Tanpa mengerdilkan peranan para tokoh lain yang telah ikut berjuang dalam merebut dan mempertahankan kemerdekaan Indonesia, Bung Karno tentu merupakan seorang pemimpin dan pemikir politik progresif yang sangat prominen. Bung Karno merupakan sosok yang amat dikenal luas dan dikagumi oleh masyarakat Indonesia.
Bung Karno di Indonesia
Saya sendiri mengenal Bung Karno melalui rentetan buku dan pemikirannya. First impression saya terhadap Bung Karno dibentuk melalui kesan yang muncul dari hasil pembacaan terhadap buku miliknya yang berjudul Indonesia Menggugat---buku pertama milik Bung Karno yang saya baca.
Sulit bagi saya untuk tidak menanggalkan kesan pemberani, gahar, dan patriotik terhadap Bung Karno setelah membaca buku tersebut.

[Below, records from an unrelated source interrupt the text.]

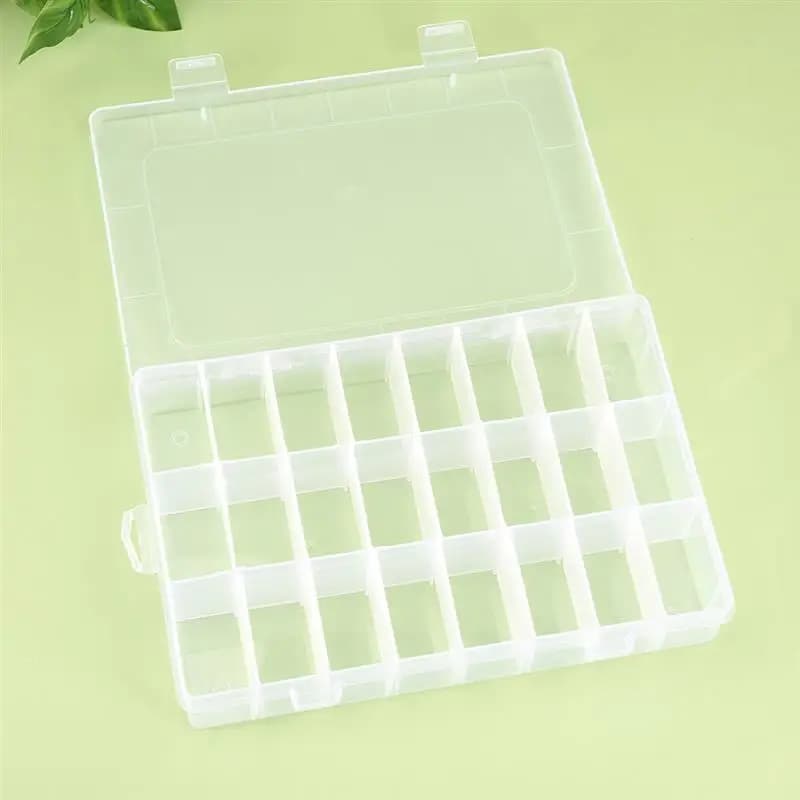 Scatola di Stoccaggio Trasparente in Plastica per Gioielli e Perline, Contenitore Regolabile, Organizzatore per Ricamo con Diamanti, Porta Pillole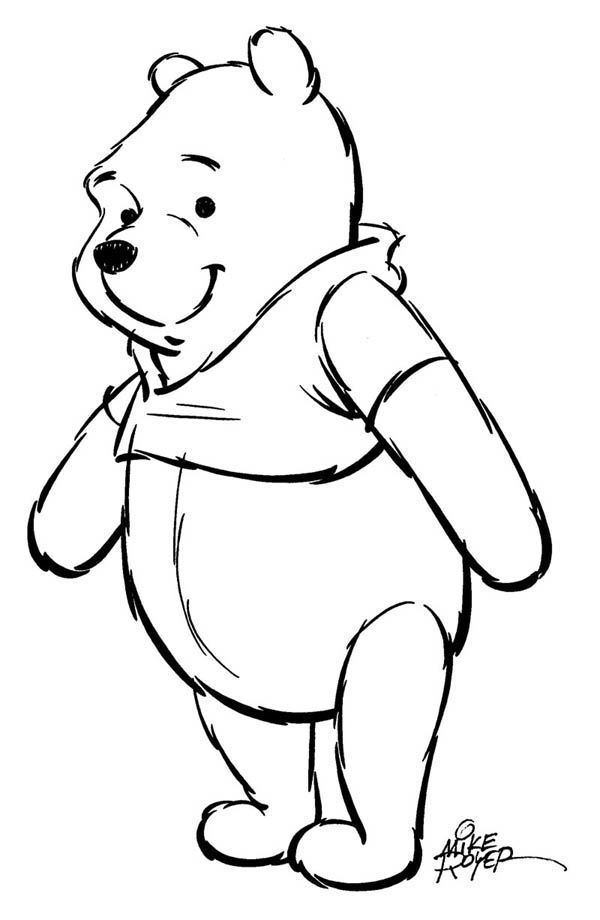 Pooh outline for cake winnie the pooh drawing monster coloring pages outline drawings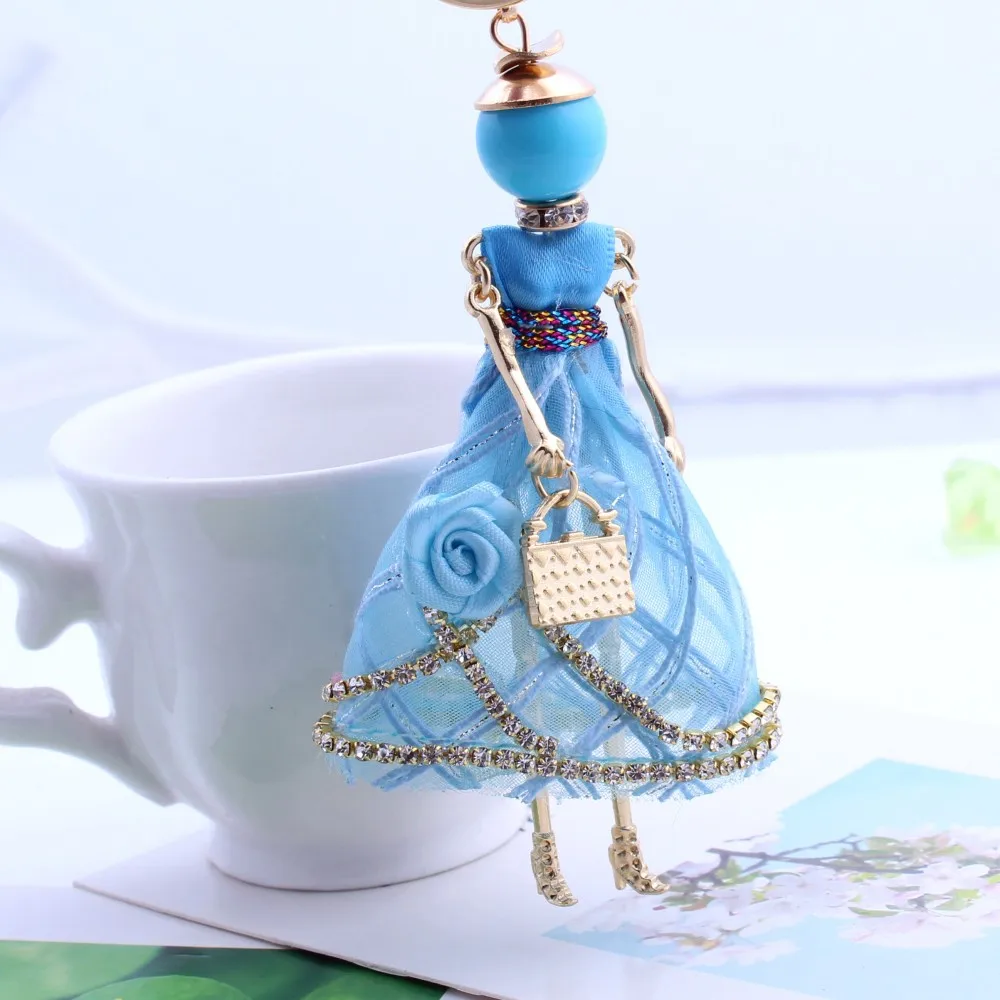 Statement Flower Dress  Doll Necklace Handmade French Doll Pendant 2018 New Alloy Girl Women Necklace Fashion Jewelry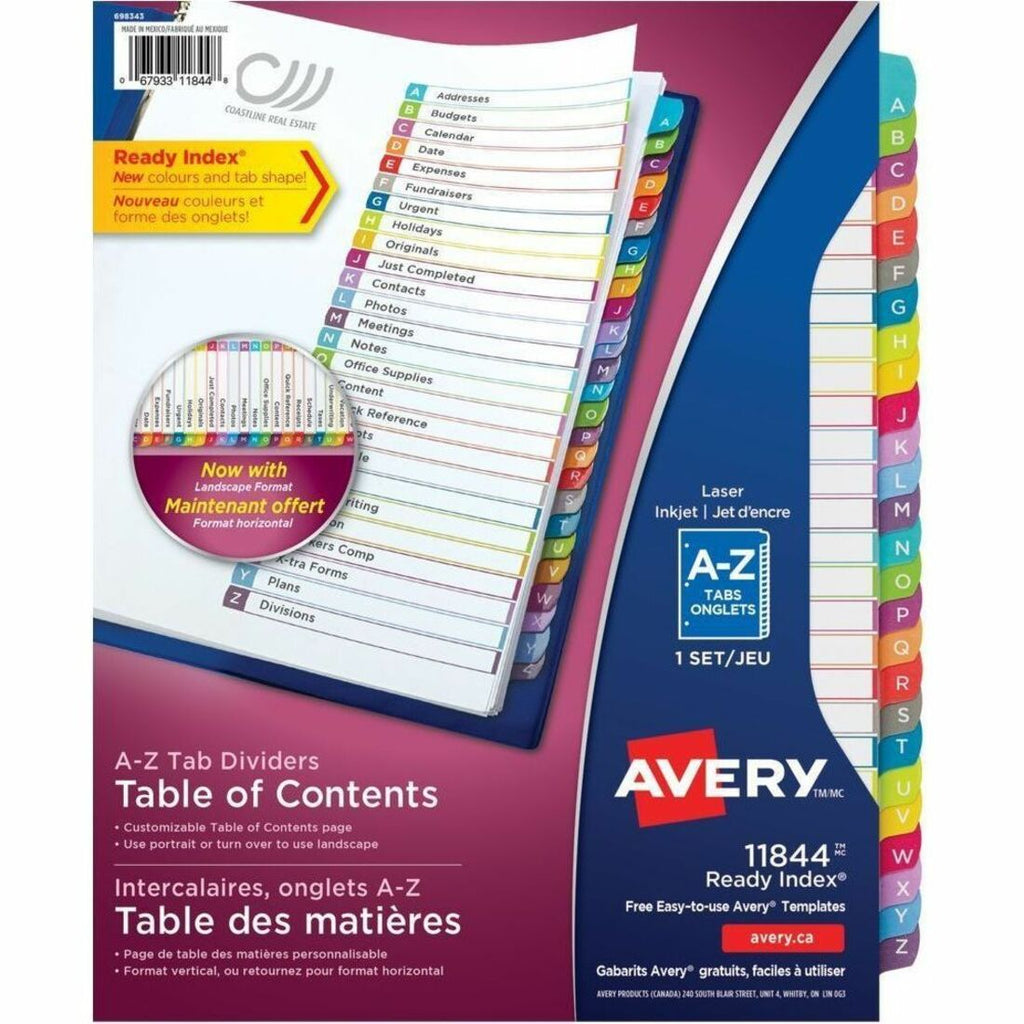 Avery Ready Index&reg; Customizable Table of Contents Dividers 12 Tabs, for Laser and Inkjet Printers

Bagaimana tidak, buku yang sejatinya diangkat dari pidato pledoi Bung Karno ketika diadili di Pengadilan (landraad) Bandung tersebut menyuratkan banyak pertentangan tanpa kompromi dari Bung Karno terhadap perilaku kolonialisme dan imperialisme Belanda yang menyengsarakan masyarakat Indonesia.
Terlebih lagi, pledoi tersebut disampaikan olehnya di hadapan muka hakim kolonial.
Bung Karno muda kala itu belum genap berusia 30 tahun, namun pidatonya dengan mengutip banyak pendapat ahli dan profesor kenamaan mampu menciptakan suatu dalil ilmiah mengapa ia tidak seharusnya bersalah.